┌────────
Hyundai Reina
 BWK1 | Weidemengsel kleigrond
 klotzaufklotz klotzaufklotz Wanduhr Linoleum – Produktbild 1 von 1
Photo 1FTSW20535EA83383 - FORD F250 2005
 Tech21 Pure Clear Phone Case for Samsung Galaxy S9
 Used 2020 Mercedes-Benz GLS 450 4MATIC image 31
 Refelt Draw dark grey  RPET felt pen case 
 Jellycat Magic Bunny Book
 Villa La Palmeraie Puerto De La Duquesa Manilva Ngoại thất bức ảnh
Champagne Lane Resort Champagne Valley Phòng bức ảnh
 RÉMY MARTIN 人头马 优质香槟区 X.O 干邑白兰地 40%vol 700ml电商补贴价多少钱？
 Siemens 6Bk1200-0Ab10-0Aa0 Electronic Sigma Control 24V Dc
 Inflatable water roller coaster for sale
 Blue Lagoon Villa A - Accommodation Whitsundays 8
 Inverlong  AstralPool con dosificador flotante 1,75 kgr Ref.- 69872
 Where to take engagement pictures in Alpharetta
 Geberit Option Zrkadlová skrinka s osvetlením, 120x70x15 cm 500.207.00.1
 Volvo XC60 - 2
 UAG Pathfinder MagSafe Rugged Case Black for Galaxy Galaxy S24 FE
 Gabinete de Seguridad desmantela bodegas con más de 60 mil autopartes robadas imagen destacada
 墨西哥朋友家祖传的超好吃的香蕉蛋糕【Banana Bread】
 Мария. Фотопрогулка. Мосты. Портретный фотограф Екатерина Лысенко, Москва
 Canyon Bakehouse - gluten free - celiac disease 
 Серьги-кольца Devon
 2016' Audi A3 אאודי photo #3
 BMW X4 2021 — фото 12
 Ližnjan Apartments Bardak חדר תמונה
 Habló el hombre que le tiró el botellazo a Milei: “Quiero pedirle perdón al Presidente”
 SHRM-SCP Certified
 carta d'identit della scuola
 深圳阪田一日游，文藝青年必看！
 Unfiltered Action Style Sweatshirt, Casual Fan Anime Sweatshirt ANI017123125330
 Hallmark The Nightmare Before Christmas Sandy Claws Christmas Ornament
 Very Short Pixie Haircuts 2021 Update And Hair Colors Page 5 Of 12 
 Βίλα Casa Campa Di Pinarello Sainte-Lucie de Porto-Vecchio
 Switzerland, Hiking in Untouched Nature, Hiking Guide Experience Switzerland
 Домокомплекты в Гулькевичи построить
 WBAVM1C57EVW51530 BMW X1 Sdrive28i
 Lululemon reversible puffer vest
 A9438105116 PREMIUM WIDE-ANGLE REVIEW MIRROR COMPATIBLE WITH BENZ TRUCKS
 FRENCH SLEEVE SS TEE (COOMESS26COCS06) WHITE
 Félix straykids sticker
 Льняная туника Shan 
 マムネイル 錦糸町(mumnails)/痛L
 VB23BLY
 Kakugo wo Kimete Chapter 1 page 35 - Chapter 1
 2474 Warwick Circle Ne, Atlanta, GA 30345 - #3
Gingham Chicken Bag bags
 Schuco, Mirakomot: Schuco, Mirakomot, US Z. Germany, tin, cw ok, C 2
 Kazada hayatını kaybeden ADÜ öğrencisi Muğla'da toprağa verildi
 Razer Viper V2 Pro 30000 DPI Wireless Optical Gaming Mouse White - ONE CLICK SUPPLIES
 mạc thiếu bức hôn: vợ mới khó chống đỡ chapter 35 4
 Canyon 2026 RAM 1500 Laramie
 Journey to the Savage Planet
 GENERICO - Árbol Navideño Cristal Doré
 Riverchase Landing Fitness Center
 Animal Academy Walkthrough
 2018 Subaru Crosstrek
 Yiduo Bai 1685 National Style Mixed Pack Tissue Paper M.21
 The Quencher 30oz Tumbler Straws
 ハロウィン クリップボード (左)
└────────
## [WORK TO COMPLETE]
On how many lines of the listing does the string "Canyon" appear? Only the number should be given.

## [WORKED SOLUTION]
2